Ingredients
Scale
- 6 bell peppers (any colors)
- ½ cup minced yellow onion
- 2 teaspoons olive oil
- 1½ cups cooked white rice
- ½ teaspoon Italian seasoning
- 1½ pounds lean ground beef
- 15 ounces tomato sauce
- 2 minced garlic cloves
- 1½ cups shredded mozzarella
- Nonstick spray, as needed
- Salt and black pepper, to taste
- 2 tablespoons chopped fresh parsley (optional, for garnish)
Instructions
- Preheat the oven to 350 degrees F and grease a large baking dish.
- Cut the tops off the peppers and remove and discard the seeds and white membrane from inside.
- Put them cut side down in the baking dish and add 1½ cups of water then bake for 25 minutes.
- Meanwhile, heat the oil in a large skillet and fry the meat until brown, adding salt and pepper to taste.

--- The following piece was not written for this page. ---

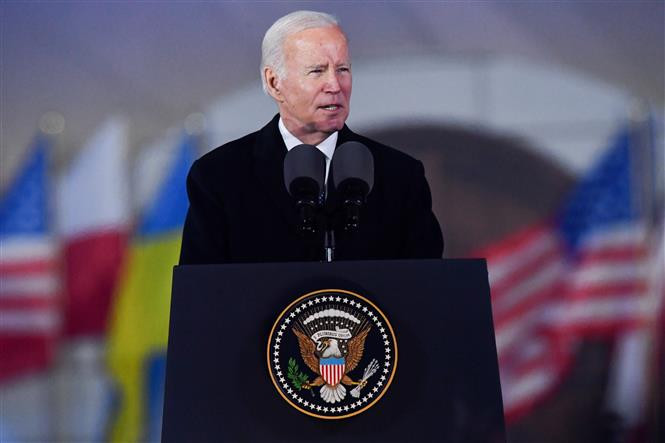 Tổng thống Mỹ Joe Biden phát biểu tại Warsaw nhân chuyến thăm Ba Lan, ngày 21/2/2023. Ảnh: AFP/TTXVN Tổng thống Mỹ Joe Biden phát biểu tại Warsaw nhân chuyến thăm Ba Lan, ngày 21/2/2023. Ảnh: AFP/TTXVN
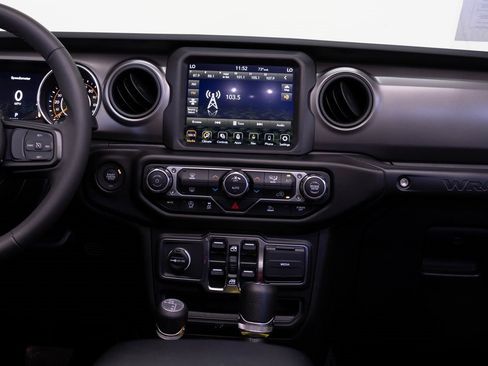 Used 2023 Jeep Wrangler Sport S w/ Sun And Sound Package image 25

- Add the onion and cook for a few minutes and then add the garlic and cook for 30 seconds.
- Stir in the tomato sauce, cooked rice and Italian seasoning, then stir in half a cup of the cheese and more salt and pepper if needed.
- Take the peppers out of the oven and discard the water, then flip them over and stuff each one with the beef mixture.
- Top with the rest of the cheese then cover and bake for 20 minutes.
- Uncover and bake for 10 more minutes or until the cheese is melted and the peppers are tender.
- Serve hot, with parsley sprinkled on top if liked.